## Dataset excerpts
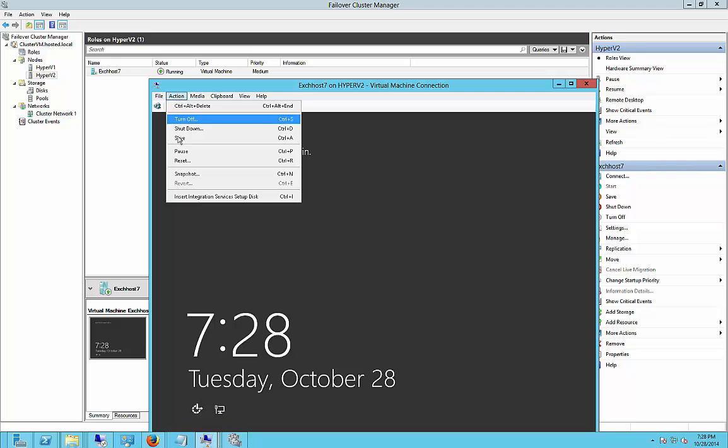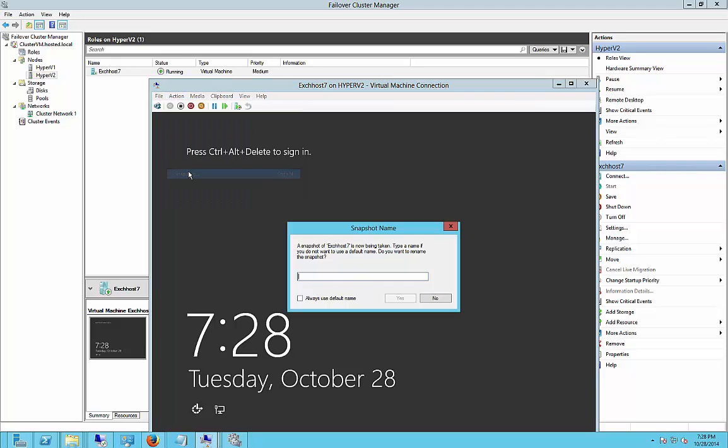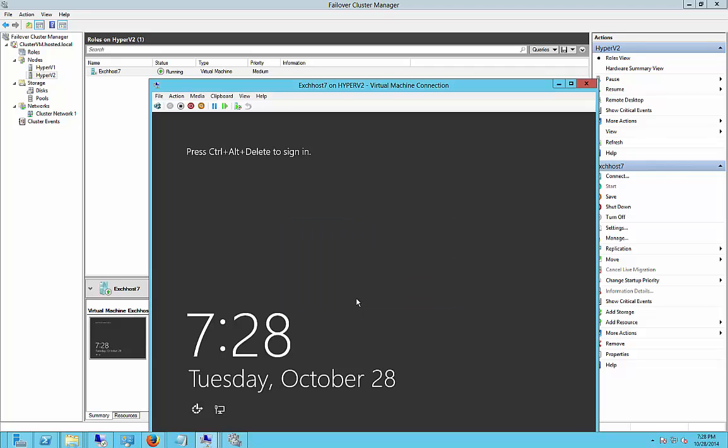Just go to Action and Snapshot. You can create a name if you'd like. We'll just go ahead and put a date for our snapshot and click Yes.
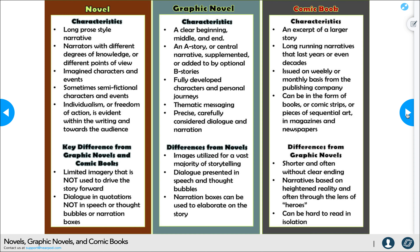The key differences from graphic novels and comic books is that novels have limited imagery not used to drive the story forward. They provide imagery in the form of text, but nothing drawn that really moves the story along. Normally, if there is a picture within a novel, it's just a rendition of something written. Dialogue is provided in quotes, not in speech or thought bubbles or narration boxes.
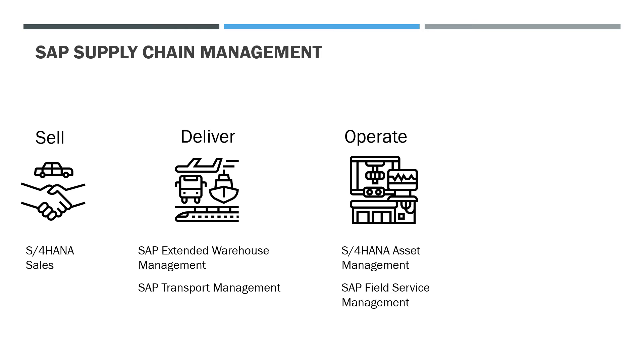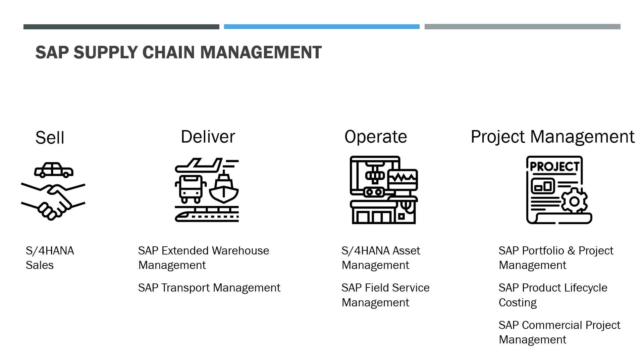The car manufacturing company will have a lot of movable and immovable assets that must be managed along with the people that provide services for the types of machinery and equipment. For that purpose they can use SAP applications like S4HANA asset management and field service management.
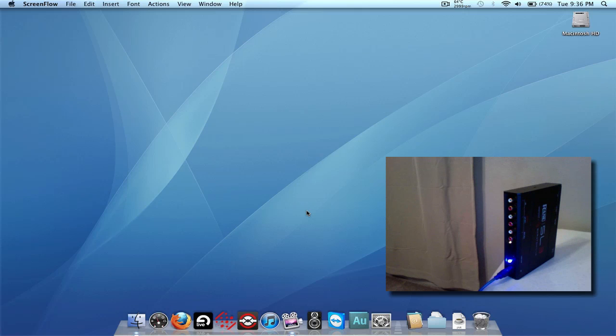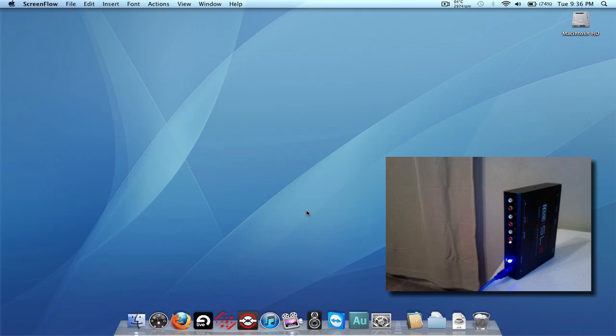All right, in this video I want to address a concern a couple people have posted on the Serato forums, and that is after installing the new ASIO or Core Audio drivers for the SL3.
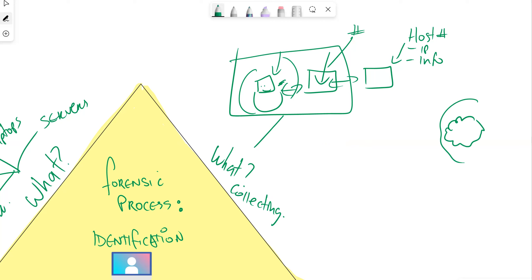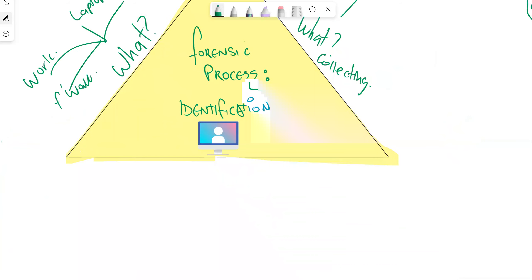Interviews help us find out what has happened and what was involved. The result is usually a list of devices containing the evidence, and then we go away and collect the evidence from those specific devices.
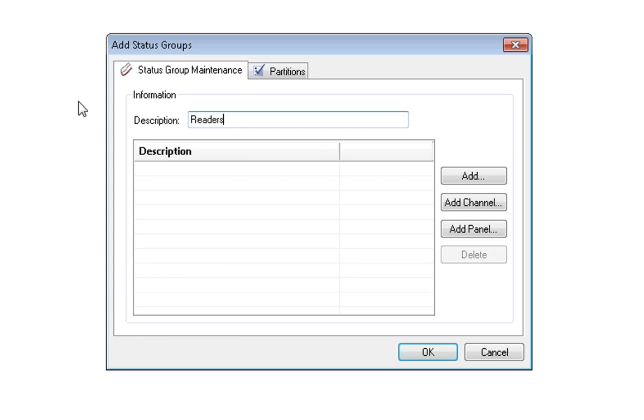To add logical devices, such as readers, controllable outputs, monitorable inputs, partitions or zones, click on the Add button. To specifically add channels or panels to your status group, click on the Add Channel or Add Panel buttons, respectively.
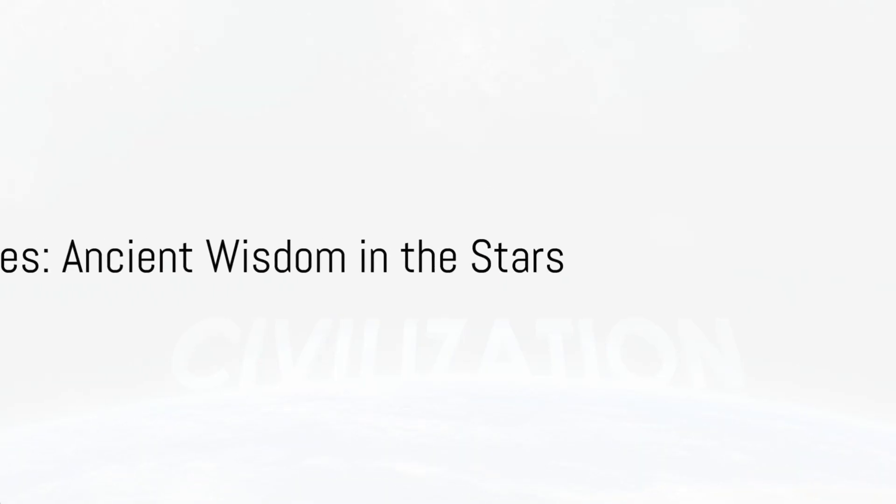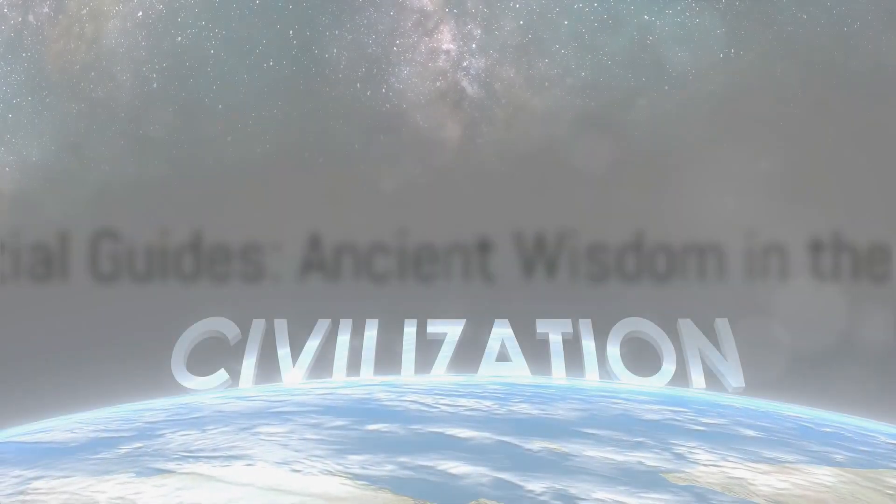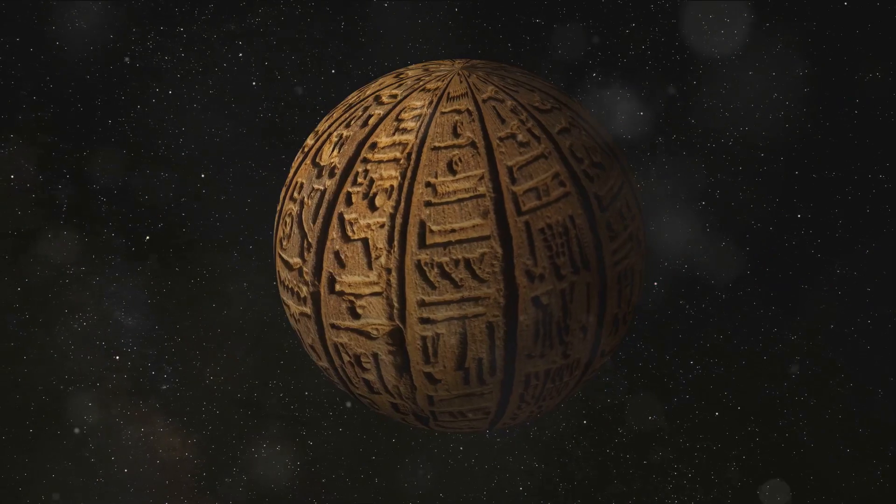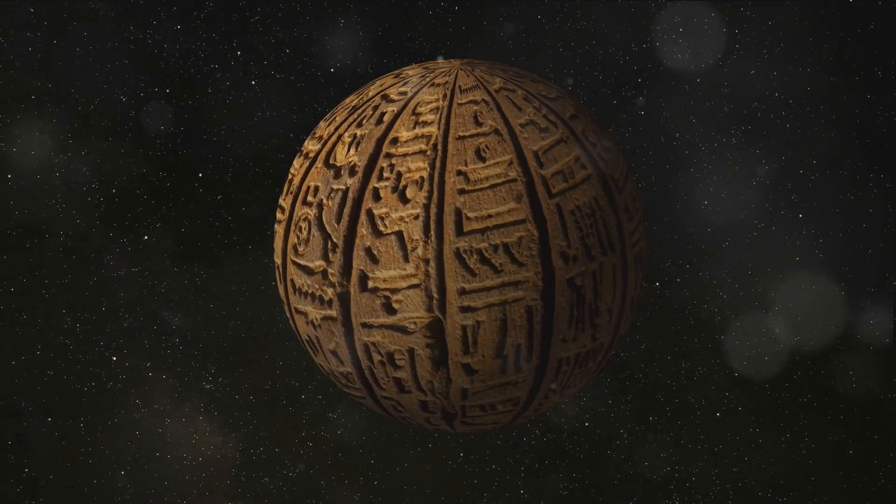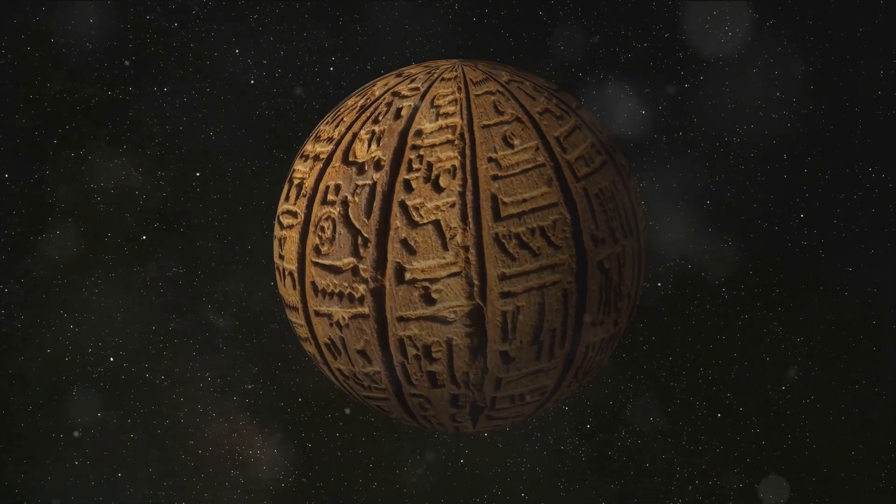Since time immemorial, the night sky has been a source of wonder and guidance. Beyond its beauty, it served as a celestial compass for ancient civilizations.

## Work task
Starting at the line that holds "To add logical", reproduce each line through the last one of the listing, and nothing more; the pictures stay out.

## Answer to the problem
To add logical devices, such as readers, controllable outputs, monitorable inputs, partitions or zones, click on the Add button. To specifically add channels or panels to your status group, click on the Add Channel or Add Panel buttons, respectively.
Since time immemorial, the night sky has been a source of wonder and guidance. Beyond its beauty, it served as a celestial compass for ancient civilizations.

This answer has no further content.